# Wireless Telegraphy Act



## Stuart (Jun 10, 2005)

In days of yore, when we were lads, we used to have a notice in the shack which summarised the dreaded Wireless Telegraphy Act we all had to sign, and laid out in dark terms the penalties for speaking of which we heard. 

The threat of two years hard labour has always haunted me, I live near Dartmoor and the breaking of granite has never appealed!

I have now aged, and I have to admit I have now crossed to the Dark Side and become an Amateur. Please don't chide me bretheren, I only succombed as I missed the joy of Morse!
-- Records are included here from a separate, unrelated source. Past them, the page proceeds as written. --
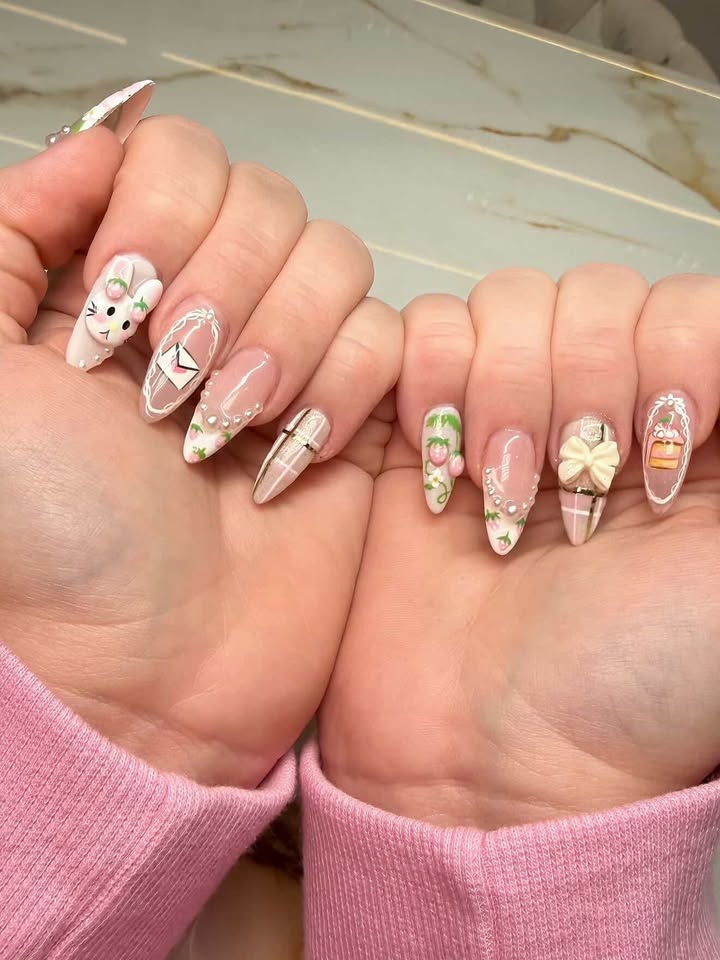 Pink nails with bunny charm, envelope, strawberries, and bow — all on an almond shape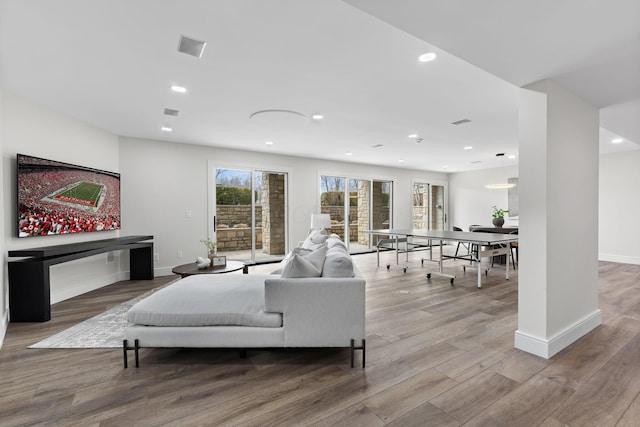 living room with recessed lighting, wood finished floors, and baseboards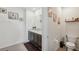 Modern bathroom with double vanity and toilet at 5808 Calla Lilly Dr, Sarasota, FL 34232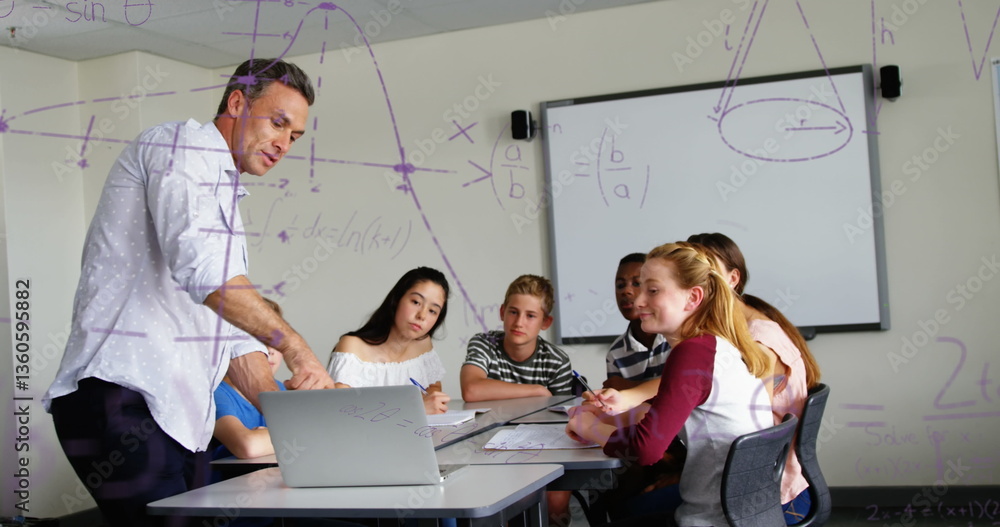 Poster teacher explaining math concepts to attentive students in classroom, using laptop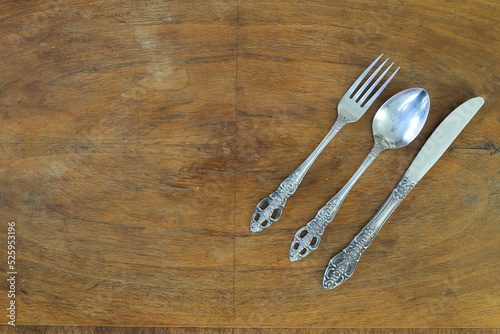 Overhead shot of silverware on wooden table with copy space.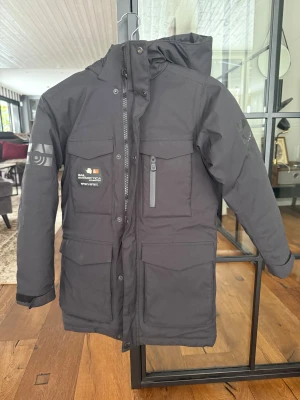 Svart vinterparkas Sail Racing - Svart parkas från Sail Racing med huva, flera stora fickor och snygga logodetaljer på bröstet och ärmen. Jackan är vadderad och har dragkedja samt knappar framtill. Perfekt för kalla dagar när du vill hålla stilen och värmen.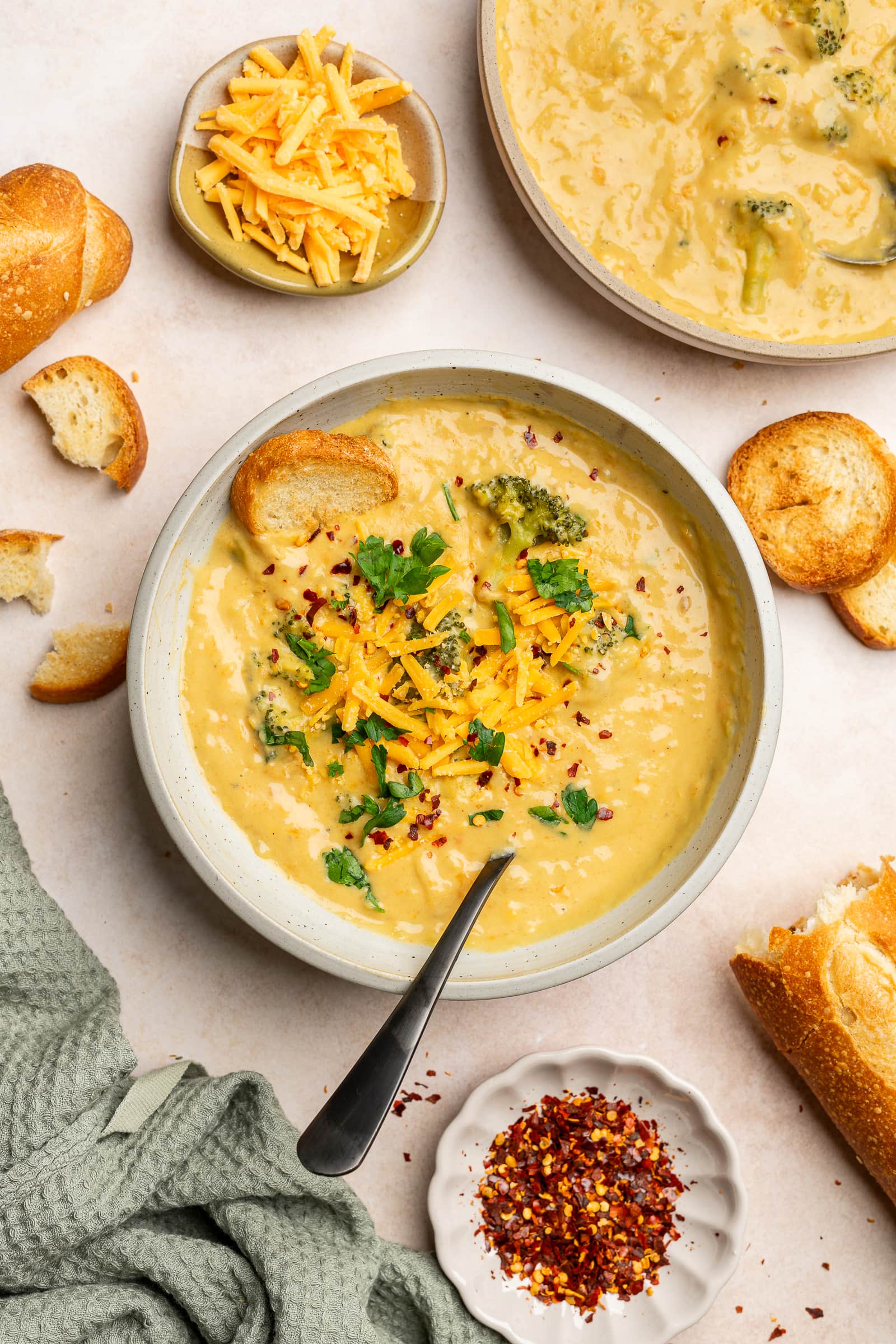 Broccoli cheese soup garnished with cheese, parsley, and red chili flakes with bread on the side.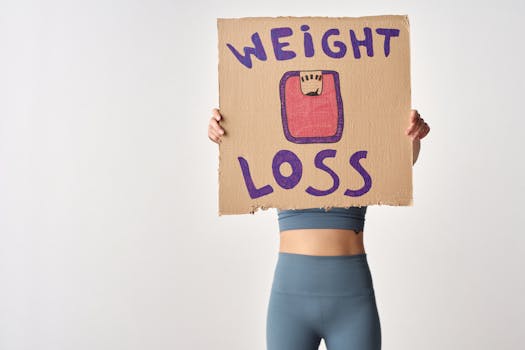 Person holding 'weight loss' sign for fitness motivation and health goals.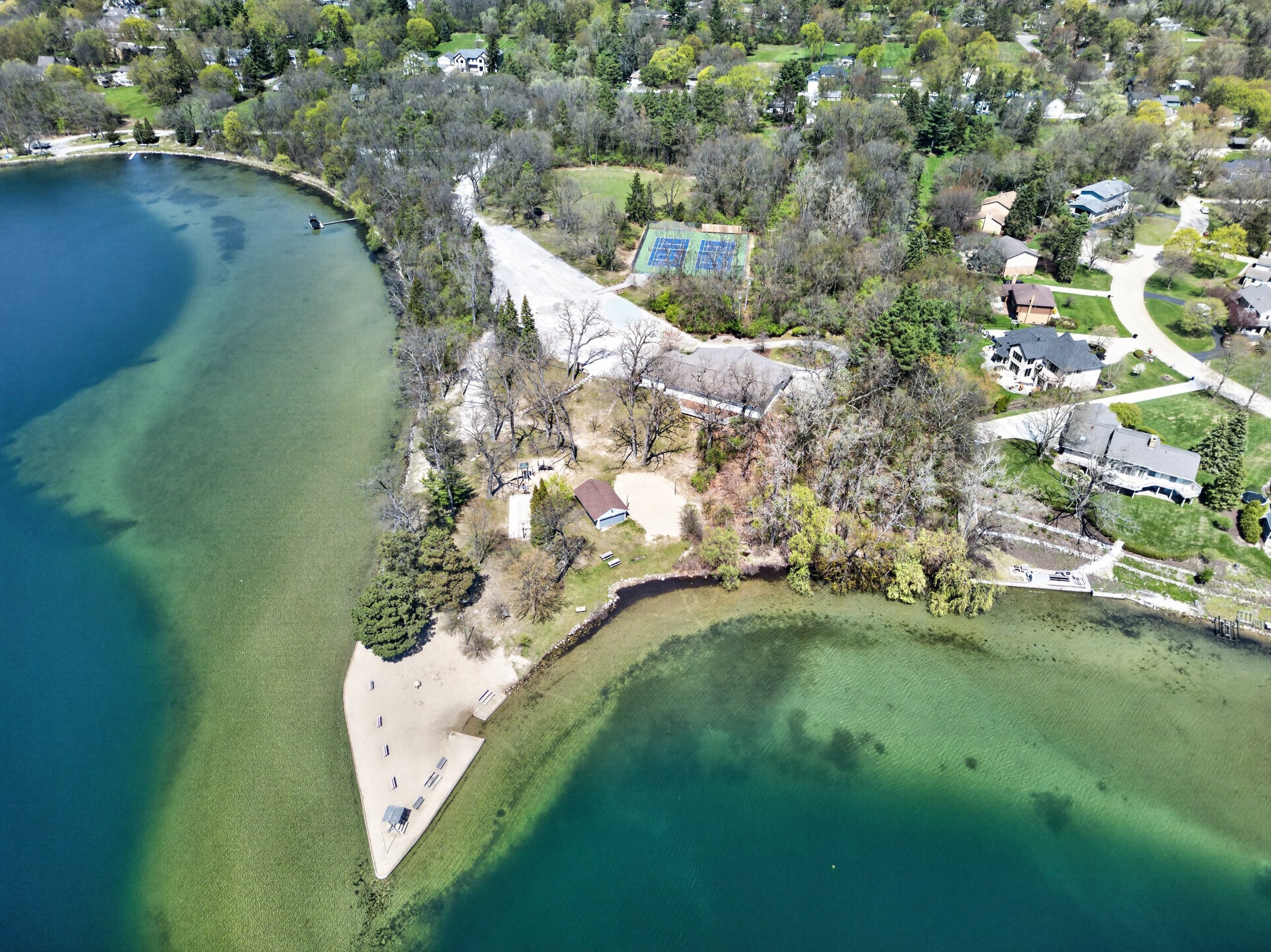 Aerial view of a lakeside park with a sandy beach, picnic tables, and walking paths, surrounded by residential houses and trees.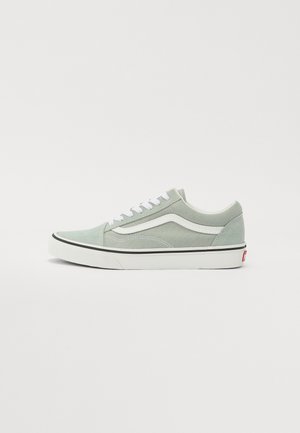 Grüne Wildleder-Sneaker im Low-Top-Stil mit weißen Seitenstreifen, schwarzer Gummisohle und weißen Schnürsenkeln. Mit einem Logo auf der Ferse und gesteppten Akzenten.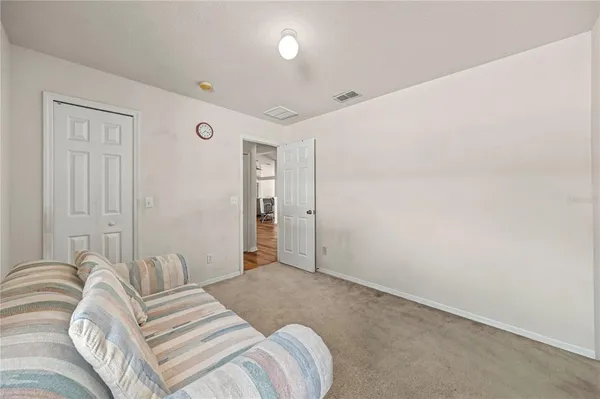 a bedroom with a bed and a night stand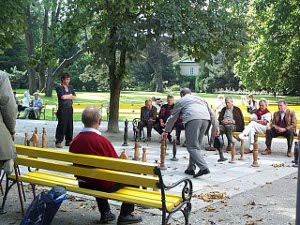 While onlookers watch from either side of the chessboard while sitting on park benches, the players walk around, moving the two-foot tall chess pieces on the outdoor chessboard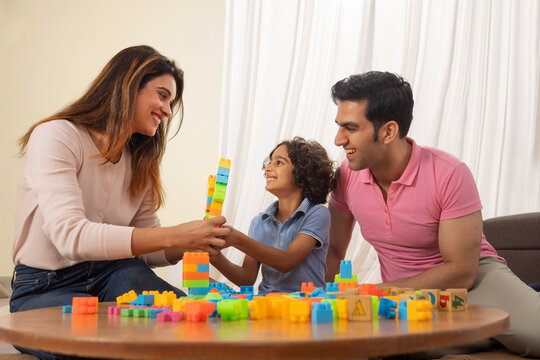 Parent and son playing together with toy blocks 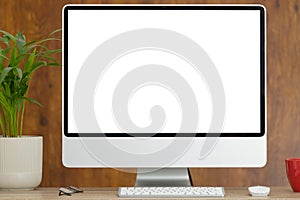 Composition of desktop computer with copy space on wooden background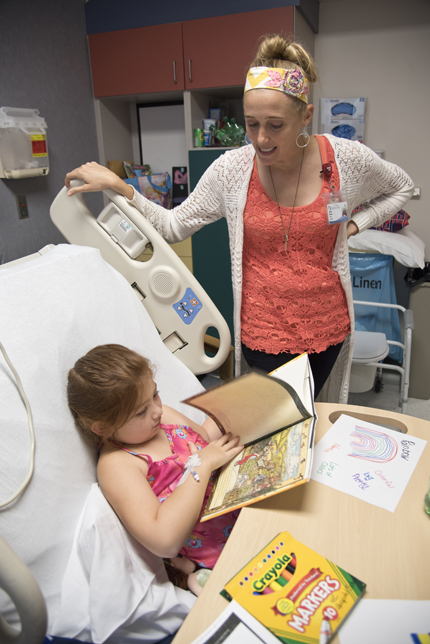 Jessica Warren works with Randi Reese Lott on a reading lesson.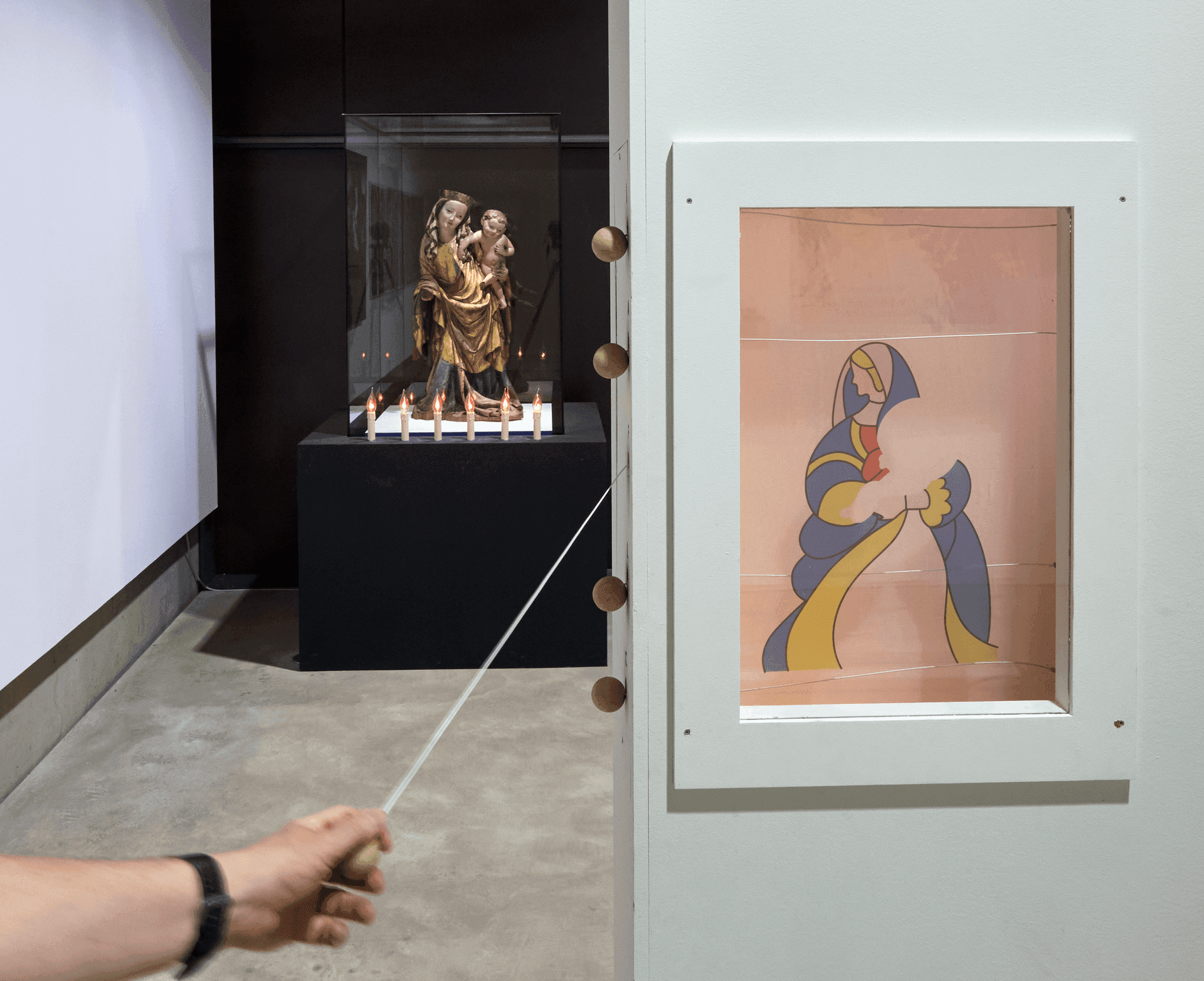 Besucher zeigt mit einem Stab auf eine Heiligenfigur in der Vitrine – Foto: Jürgen Vogel LVR-Landesmuseum Bonn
But the observance to the oft remembered regulaton persists and I feel it only right that I should display that onerous warning once more.

Does anyone know where I can find the text?

Rgds

Stuart


----------



## King Ratt (Aug 23, 2005)

Hello Stuart. Try this URL http://www.ofcom.org.uk/static/archive/ra/topics/legislation/wtact1949.pdf

The Post Office Protection Act of 1884 may also be relevant but I cannot find any info on it.

73

KR


----------



## trotterdotpom (Apr 29, 2005)

I remember that notice, it was on yellowish paper and was usually contained in a nice wooden frame. It was part of the "Wireless Room requirements" along with a hydrometer and what not.

I forget the exact wording, but I think it referred mainly to the "secrecy of communications". It did contain dire warnings for transgressors. That didn't stop nosey 3rd Mates (and the rest) rummaging around looking for info though. It didn't stop me planting information for them to find either!

John T.


----------



## Nick Balls (Apr 5, 2008)

http://www.ofcom.org.uk/static/archive/ra/topics/legislation/wtact1949.pdf


----------



## rknibbs (Mar 11, 2006)

*WT Secrecy notice*

Copy of WT Secrecy notice attached


----------



## trotterdotpom (Apr 29, 2005)

rknibbs said:


> Copy of WT Secrecy notice attached


That's it! But they had a nicer looking print on the older ships.

John T.


----------



## rknibbs (Mar 11, 2006)

The photo is only of a rather poor copy of the original. There is an original at the Museum of Science at Oxford in the Marconi collection.


----------